Belhadj : 6. Né dans le Jura, formé à Lens, déformé à Gueugnon, le gaucher a échappé à ce que la prédestination voulait lui offrir : une vie de raté. Suffisamment brillant dans son couloir gauche pour éclipser son coéquipier Ziani et s’imposer comme l’un des meilleurs Fennecs.

Ziani : 3. Si un leader doit montrer l’exemple, alors Ziani devrait commencer par éviter cette coupe de cheveux vomitive (rasé autour, brun à la racine, jaune dessus). Puis troquer son pantacourt pour un vrai short. Après, seulement, l’ancien Marseillais pourra penser à jouer.

Djebbour : 4. Peu à son avantage dans un rôle ingrat de pivot, il a été remplacé par Ghezzal (58e), lequel a fait l’éjaculateur précoce : un carton jaune quatorze secondes après son entrée en jeu pour tirage de maillot (59e), puis un deuxième pour une main volontaire complètement conne (73e).

Matmour : 3. Ceux qui n’ont pas fait arabe LV2 ont de bonnes raisons de croire que «homme invisible» se dit «Karim Matmour». Remplacé par Saïfi (80e).

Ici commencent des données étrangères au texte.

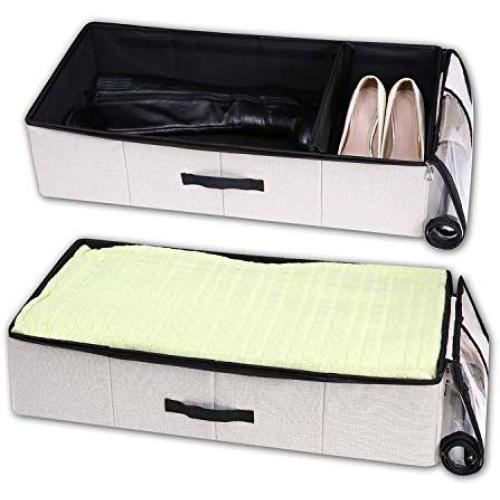VEAMOR Under Bed Clothes Storage Containers,Shoe Organizer Underbed Bins for Pillow Beddings/Blanket Storage Boxes with Zippers,Breathable and Moistureproof (Linen, XXL)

Rabah Saâdane : 10. Survêtement, casquette, moustache pour le sélectionneur. La trilogie du blédard. Noiera son chagrin dans un verre de Selecto.

Matthieu Pecot (envoyé spécial à Polokwane)
Libération du 13 juin 2010

Les «excuses» de Libération

L’article que nous avons consacré dans nos éditions d’hier à l’équipe d’Algérie a choqué certains. Il ne s’agissait en aucun cas de blesser quiconque, mais de rendre compte du match des Fennecs d’une façon que nous pensions, à tort, originale, voire humoristique. C’était du 150e degré, inintelligible. Nous nous sommes plantés. Nous présentons nos excuses à toutes les personnes qui se sont senties atteintes par cet article.